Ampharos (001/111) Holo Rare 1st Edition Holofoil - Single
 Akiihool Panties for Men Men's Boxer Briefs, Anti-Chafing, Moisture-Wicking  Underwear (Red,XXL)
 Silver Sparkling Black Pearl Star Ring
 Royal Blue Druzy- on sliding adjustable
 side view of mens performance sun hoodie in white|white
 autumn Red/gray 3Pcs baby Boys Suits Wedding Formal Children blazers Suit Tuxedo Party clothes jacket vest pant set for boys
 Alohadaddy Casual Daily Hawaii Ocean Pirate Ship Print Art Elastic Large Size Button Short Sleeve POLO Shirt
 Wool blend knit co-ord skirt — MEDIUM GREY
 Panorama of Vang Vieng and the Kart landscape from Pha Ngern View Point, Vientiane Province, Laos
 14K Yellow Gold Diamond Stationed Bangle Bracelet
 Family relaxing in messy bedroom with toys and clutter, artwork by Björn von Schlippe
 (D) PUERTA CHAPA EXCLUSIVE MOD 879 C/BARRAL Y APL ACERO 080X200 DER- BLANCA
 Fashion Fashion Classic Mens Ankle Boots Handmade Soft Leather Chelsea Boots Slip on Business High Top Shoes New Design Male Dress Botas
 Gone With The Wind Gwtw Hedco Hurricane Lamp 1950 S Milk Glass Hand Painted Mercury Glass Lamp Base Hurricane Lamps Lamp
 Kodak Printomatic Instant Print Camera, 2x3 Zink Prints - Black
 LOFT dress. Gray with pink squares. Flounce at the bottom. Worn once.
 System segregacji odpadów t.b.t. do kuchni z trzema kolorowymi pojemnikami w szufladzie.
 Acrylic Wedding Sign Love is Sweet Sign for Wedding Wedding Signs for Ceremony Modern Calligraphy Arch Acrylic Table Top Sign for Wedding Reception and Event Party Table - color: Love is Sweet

--------

Your instructions: Restate word for word the entries above, starting at the line with "Gone With The" and ending at the line with "System segregacji odpadów", inclusive, and no others.

Response:
 Gone With The Wind Gwtw Hedco Hurricane Lamp 1950 S Milk Glass Hand Painted Mercury Glass Lamp Base Hurricane Lamps Lamp
 Kodak Printomatic Instant Print Camera, 2x3 Zink Prints - Black
 LOFT dress. Gray with pink squares. Flounce at the bottom. Worn once.
 System segregacji odpadów t.b.t. do kuchni z trzema kolorowymi pojemnikami w szufladzie.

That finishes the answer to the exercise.